* [Data provided]
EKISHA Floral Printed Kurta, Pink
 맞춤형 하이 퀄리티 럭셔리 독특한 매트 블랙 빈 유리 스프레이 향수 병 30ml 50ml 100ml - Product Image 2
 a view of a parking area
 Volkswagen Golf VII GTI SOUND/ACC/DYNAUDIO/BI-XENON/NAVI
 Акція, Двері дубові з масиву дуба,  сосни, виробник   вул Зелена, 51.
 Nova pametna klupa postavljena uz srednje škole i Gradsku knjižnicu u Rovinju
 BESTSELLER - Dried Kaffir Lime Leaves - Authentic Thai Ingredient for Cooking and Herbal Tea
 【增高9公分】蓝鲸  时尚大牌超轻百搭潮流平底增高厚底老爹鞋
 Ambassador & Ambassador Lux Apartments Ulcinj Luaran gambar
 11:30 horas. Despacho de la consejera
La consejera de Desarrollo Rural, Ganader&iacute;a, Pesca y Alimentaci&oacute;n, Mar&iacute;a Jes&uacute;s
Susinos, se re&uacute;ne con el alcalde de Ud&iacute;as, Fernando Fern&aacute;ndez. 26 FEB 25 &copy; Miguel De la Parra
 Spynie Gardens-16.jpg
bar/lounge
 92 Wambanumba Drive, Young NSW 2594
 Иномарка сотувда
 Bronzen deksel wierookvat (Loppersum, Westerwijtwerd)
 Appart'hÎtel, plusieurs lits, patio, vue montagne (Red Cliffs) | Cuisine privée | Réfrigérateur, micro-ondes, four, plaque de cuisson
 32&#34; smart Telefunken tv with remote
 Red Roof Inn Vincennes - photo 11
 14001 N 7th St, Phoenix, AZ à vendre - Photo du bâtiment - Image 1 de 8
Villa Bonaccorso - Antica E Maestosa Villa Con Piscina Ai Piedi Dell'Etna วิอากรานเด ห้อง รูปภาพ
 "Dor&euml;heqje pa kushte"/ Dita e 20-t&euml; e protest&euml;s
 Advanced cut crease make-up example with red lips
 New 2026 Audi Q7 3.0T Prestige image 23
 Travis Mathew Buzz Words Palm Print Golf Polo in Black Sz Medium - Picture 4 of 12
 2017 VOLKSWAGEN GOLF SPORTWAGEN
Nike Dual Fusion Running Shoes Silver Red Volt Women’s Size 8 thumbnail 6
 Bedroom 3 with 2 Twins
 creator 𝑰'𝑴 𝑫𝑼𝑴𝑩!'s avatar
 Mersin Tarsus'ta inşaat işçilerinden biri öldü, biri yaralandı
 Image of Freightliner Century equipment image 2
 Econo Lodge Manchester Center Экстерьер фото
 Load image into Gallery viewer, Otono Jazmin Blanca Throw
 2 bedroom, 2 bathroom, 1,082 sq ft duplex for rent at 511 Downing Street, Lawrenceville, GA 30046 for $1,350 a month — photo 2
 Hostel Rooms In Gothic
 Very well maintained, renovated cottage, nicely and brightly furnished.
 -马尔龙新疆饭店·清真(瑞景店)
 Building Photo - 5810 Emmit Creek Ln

* [Exercise prompt]
All of the records above are to be repeated exactly.

* [Finished exercise]
EKISHA Floral Printed Kurta, Pink
 맞춤형 하이 퀄리티 럭셔리 독특한 매트 블랙 빈 유리 스프레이 향수 병 30ml 50ml 100ml - Product Image 2
 a view of a parking area
 Volkswagen Golf VII GTI SOUND/ACC/DYNAUDIO/BI-XENON/NAVI
 Акція, Двері дубові з масиву дуба,  сосни, виробник   вул Зелена, 51.
 Nova pametna klupa postavljena uz srednje škole i Gradsku knjižnicu u Rovinju
 BESTSELLER - Dried Kaffir Lime Leaves - Authentic Thai Ingredient for Cooking and Herbal Tea
 【增高9公分】蓝鲸  时尚大牌超轻百搭潮流平底增高厚底老爹鞋
 Ambassador & Ambassador Lux Apartments Ulcinj Luaran gambar
 11:30 horas. Despacho de la consejera
La consejera de Desarrollo Rural, Ganader&iacute;a, Pesca y Alimentaci&oacute;n, Mar&iacute;a Jes&uacute;s
Susinos, se re&uacute;ne con el alcalde de Ud&iacute;as, Fernando Fern&aacute;ndez. 26 FEB 25 &copy; Miguel De la Parra
 Spynie Gardens-16.jpg
bar/lounge
 92 Wambanumba Drive, Young NSW 2594
 Иномарка сотувда
 Bronzen deksel wierookvat (Loppersum, Westerwijtwerd)
 Appart'hÎtel, plusieurs lits, patio, vue montagne (Red Cliffs) | Cuisine privée | Réfrigérateur, micro-ondes, four, plaque de cuisson
 32&#34; smart Telefunken tv with remote
 Red Roof Inn Vincennes - photo 11
 14001 N 7th St, Phoenix, AZ à vendre - Photo du bâtiment - Image 1 de 8
Villa Bonaccorso - Antica E Maestosa Villa Con Piscina Ai Piedi Dell'Etna วิอากรานเด ห้อง รูปภาพ
 "Dor&euml;heqje pa kushte"/ Dita e 20-t&euml; e protest&euml;s
 Advanced cut crease make-up example with red lips
 New 2026 Audi Q7 3.0T Prestige image 23
 Travis Mathew Buzz Words Palm Print Golf Polo in Black Sz Medium - Picture 4 of 12
 2017 VOLKSWAGEN GOLF SPORTWAGEN
Nike Dual Fusion Running Shoes Silver Red Volt Women’s Size 8 thumbnail 6
 Bedroom 3 with 2 Twins
 creator 𝑰'𝑴 𝑫𝑼𝑴𝑩!'s avatar
 Mersin Tarsus'ta inşaat işçilerinden biri öldü, biri yaralandı
 Image of Freightliner Century equipment image 2
 Econo Lodge Manchester Center Экстерьер фото
 Load image into Gallery viewer, Otono Jazmin Blanca Throw
 2 bedroom, 2 bathroom, 1,082 sq ft duplex for rent at 511 Downing Street, Lawrenceville, GA 30046 for $1,350 a month — photo 2
 Hostel Rooms In Gothic
 Very well maintained, renovated cottage, nicely and brightly furnished.
 -马尔龙新疆饭店·清真(瑞景店)
 Building Photo - 5810 Emmit Creek Ln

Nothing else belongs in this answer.